BEGIN Entries provided
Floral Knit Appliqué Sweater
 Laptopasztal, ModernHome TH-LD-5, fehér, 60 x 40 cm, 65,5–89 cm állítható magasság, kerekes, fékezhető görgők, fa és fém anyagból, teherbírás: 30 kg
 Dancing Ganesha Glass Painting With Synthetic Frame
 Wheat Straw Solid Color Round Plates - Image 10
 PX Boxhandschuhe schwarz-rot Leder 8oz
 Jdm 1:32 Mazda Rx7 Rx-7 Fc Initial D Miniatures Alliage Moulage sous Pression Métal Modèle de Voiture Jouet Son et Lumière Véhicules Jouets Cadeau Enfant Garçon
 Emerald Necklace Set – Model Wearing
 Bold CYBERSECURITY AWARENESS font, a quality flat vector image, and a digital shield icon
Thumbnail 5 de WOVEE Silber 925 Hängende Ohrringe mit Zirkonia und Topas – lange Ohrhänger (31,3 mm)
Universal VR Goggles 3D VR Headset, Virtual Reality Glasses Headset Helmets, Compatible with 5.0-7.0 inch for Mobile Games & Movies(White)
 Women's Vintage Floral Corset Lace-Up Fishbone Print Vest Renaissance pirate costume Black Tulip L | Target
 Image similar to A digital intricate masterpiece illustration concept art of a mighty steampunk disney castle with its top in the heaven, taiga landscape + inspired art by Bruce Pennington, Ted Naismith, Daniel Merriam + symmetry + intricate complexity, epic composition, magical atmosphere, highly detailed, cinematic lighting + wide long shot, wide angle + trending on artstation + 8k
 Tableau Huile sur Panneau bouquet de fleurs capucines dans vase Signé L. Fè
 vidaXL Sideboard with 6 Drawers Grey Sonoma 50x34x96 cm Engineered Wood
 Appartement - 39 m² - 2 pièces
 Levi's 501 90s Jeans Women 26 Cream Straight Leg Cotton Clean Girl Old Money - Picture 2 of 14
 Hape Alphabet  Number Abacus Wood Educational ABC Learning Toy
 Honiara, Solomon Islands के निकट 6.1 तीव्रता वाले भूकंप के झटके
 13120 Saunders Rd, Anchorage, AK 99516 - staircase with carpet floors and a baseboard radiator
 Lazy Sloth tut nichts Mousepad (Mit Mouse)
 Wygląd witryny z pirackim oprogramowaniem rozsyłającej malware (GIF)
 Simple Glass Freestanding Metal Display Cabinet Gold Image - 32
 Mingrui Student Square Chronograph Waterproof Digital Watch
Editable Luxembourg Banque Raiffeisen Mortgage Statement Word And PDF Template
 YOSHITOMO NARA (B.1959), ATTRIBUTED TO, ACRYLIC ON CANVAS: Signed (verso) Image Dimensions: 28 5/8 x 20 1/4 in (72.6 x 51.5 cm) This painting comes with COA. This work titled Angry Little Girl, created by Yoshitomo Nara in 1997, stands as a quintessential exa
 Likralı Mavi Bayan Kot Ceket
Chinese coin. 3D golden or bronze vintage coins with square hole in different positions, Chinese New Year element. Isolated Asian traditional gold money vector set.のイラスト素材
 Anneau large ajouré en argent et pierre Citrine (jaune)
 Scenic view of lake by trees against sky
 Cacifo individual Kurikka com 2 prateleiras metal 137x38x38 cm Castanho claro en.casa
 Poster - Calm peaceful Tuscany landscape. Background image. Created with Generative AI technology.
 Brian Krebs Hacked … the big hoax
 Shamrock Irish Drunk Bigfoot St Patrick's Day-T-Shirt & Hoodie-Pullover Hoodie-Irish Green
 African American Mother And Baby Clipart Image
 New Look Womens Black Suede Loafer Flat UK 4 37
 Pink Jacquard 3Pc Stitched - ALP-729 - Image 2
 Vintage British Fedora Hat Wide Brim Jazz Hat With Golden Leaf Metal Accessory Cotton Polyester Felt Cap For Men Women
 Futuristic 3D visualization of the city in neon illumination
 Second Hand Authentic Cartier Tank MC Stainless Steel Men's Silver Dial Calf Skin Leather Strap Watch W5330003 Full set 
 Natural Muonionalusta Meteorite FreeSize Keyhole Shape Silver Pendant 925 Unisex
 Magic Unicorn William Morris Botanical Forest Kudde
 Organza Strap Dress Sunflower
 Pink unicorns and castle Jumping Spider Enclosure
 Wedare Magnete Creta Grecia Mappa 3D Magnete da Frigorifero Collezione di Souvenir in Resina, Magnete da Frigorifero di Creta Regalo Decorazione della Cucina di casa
END Entries provided
# [Assignment]
What is needed is the full listing, reproduced exactly.

# [Response]
Floral Knit Appliqué Sweater
 Laptopasztal, ModernHome TH-LD-5, fehér, 60 x 40 cm, 65,5–89 cm állítható magasság, kerekes, fékezhető görgők, fa és fém anyagból, teherbírás: 30 kg
 Dancing Ganesha Glass Painting With Synthetic Frame
 Wheat Straw Solid Color Round Plates - Image 10
 PX Boxhandschuhe schwarz-rot Leder 8oz
 Jdm 1:32 Mazda Rx7 Rx-7 Fc Initial D Miniatures Alliage Moulage sous Pression Métal Modèle de Voiture Jouet Son et Lumière Véhicules Jouets Cadeau Enfant Garçon
 Emerald Necklace Set – Model Wearing
 Bold CYBERSECURITY AWARENESS font, a quality flat vector image, and a digital shield icon
Thumbnail 5 de WOVEE Silber 925 Hängende Ohrringe mit Zirkonia und Topas – lange Ohrhänger (31,3 mm)
Universal VR Goggles 3D VR Headset, Virtual Reality Glasses Headset Helmets, Compatible with 5.0-7.0 inch for Mobile Games & Movies(White)
 Women's Vintage Floral Corset Lace-Up Fishbone Print Vest Renaissance pirate costume Black Tulip L | Target
 Image similar to A digital intricate masterpiece illustration concept art of a mighty steampunk disney castle with its top in the heaven, taiga landscape + inspired art by Bruce Pennington, Ted Naismith, Daniel Merriam + symmetry + intricate complexity, epic composition, magical atmosphere, highly detailed, cinematic lighting + wide long shot, wide angle + trending on artstation + 8k
 Tableau Huile sur Panneau bouquet de fleurs capucines dans vase Signé L. Fè
 vidaXL Sideboard with 6 Drawers Grey Sonoma 50x34x96 cm Engineered Wood
 Appartement - 39 m² - 2 pièces
 Levi's 501 90s Jeans Women 26 Cream Straight Leg Cotton Clean Girl Old Money - Picture 2 of 14
 Hape Alphabet  Number Abacus Wood Educational ABC Learning Toy
 Honiara, Solomon Islands के निकट 6.1 तीव्रता वाले भूकंप के झटके
 13120 Saunders Rd, Anchorage, AK 99516 - staircase with carpet floors and a baseboard radiator
 Lazy Sloth tut nichts Mousepad (Mit Mouse)
 Wygląd witryny z pirackim oprogramowaniem rozsyłającej malware (GIF)
 Simple Glass Freestanding Metal Display Cabinet Gold Image - 32
 Mingrui Student Square Chronograph Waterproof Digital Watch
Editable Luxembourg Banque Raiffeisen Mortgage Statement Word And PDF Template
 YOSHITOMO NARA (B.1959), ATTRIBUTED TO, ACRYLIC ON CANVAS: Signed (verso) Image Dimensions: 28 5/8 x 20 1/4 in (72.6 x 51.5 cm) This painting comes with COA. This work titled Angry Little Girl, created by Yoshitomo Nara in 1997, stands as a quintessential exa
 Likralı Mavi Bayan Kot Ceket
Chinese coin. 3D golden or bronze vintage coins with square hole in different positions, Chinese New Year element. Isolated Asian traditional gold money vector set.のイラスト素材
 Anneau large ajouré en argent et pierre Citrine (jaune)
 Scenic view of lake by trees against sky
 Cacifo individual Kurikka com 2 prateleiras metal 137x38x38 cm Castanho claro en.casa
 Poster - Calm peaceful Tuscany landscape. Background image. Created with Generative AI technology.
 Brian Krebs Hacked … the big hoax
 Shamrock Irish Drunk Bigfoot St Patrick's Day-T-Shirt & Hoodie-Pullover Hoodie-Irish Green
 African American Mother And Baby Clipart Image
 New Look Womens Black Suede Loafer Flat UK 4 37
 Pink Jacquard 3Pc Stitched - ALP-729 - Image 2
 Vintage British Fedora Hat Wide Brim Jazz Hat With Golden Leaf Metal Accessory Cotton Polyester Felt Cap For Men Women
 Futuristic 3D visualization of the city in neon illumination
 Second Hand Authentic Cartier Tank MC Stainless Steel Men's Silver Dial Calf Skin Leather Strap Watch W5330003 Full set 
 Natural Muonionalusta Meteorite FreeSize Keyhole Shape Silver Pendant 925 Unisex
 Magic Unicorn William Morris Botanical Forest Kudde
 Organza Strap Dress Sunflower
 Pink unicorns and castle Jumping Spider Enclosure
 Wedare Magnete Creta Grecia Mappa 3D Magnete da Frigorifero Collezione di Souvenir in Resina, Magnete da Frigorifero di Creta Regalo Decorazione della Cucina di casa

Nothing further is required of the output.